È davvero un nerd di cultura sconfinata Max Pezzali, una delle voci più amate del pop italiano. Starebbe per ore a raccontare cosa ha visto nell’ultimo documentario sul comportamento umano nel corteggiamento. O descrivere cosa ha scoperto nelle notti passate a cibarsi di video e informazioni musicali sui propri idoli. Lo abbiamo incontrato in occasione di un progetto discografico che celebra i suoi 25 anni di attività, l’album “Le canzoni alla radio”, che prende il nome dal singolo con Nile Rodgers e che unisce un album da studio a brani fondamentali del suo percorso musicale, quelli che le radio hanno trasmesso di più.

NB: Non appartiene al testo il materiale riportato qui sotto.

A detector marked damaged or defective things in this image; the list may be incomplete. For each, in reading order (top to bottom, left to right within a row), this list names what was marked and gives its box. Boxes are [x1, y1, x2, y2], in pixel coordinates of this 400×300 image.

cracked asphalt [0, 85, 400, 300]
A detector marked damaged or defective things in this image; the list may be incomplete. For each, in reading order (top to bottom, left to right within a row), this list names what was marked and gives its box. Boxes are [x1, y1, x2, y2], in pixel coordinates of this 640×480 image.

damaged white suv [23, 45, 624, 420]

È un anno denso per Max. Dopo l’uscita del nuovo singolo “Duri da Battere” con 2 featuring d’eccezione quali Nek e Francesco Renga, Max Pezzali pubblica il doppio con 30 successi, 7 inediti e un rifacimento di un suo pezzo “che era passato troppo in sordina”, che è il remix 2017 di “Tutto ciò che ho”.

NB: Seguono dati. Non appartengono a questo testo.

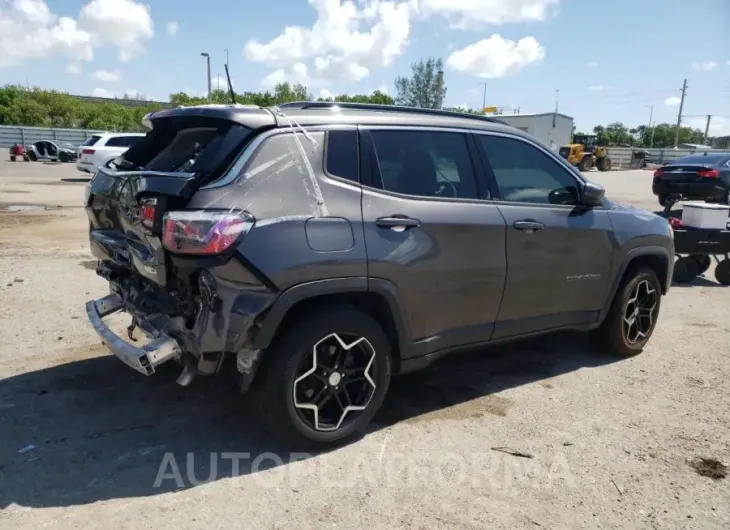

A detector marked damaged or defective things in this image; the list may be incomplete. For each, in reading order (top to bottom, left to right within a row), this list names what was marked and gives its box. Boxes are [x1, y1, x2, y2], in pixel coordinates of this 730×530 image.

Il senso del successo per te oggi?
Riuscire ad arrivare alle persone, intercettare il loro sentimento e tradurre le proprie emozioni in modo che siano comprensibili e decodificabili dagli altri. Quando ci riesci è un grandissimo risultato.
Ti senti fortunato?
Credo di aver ottenuto quello che mi è arrivato raccontandomi in maniera diretta. Non posso fare canzoni a comando, è l’unico modo che conosco. Oltre a gratificarmi mi dà responsabilità perché quelle canzoni sono importanti e non devi deludere le aspettative, cercare di essere più onesto possibile. La chiave è quella: devi guardare al futuro tenendo conto del passato ma traendone insegnamento.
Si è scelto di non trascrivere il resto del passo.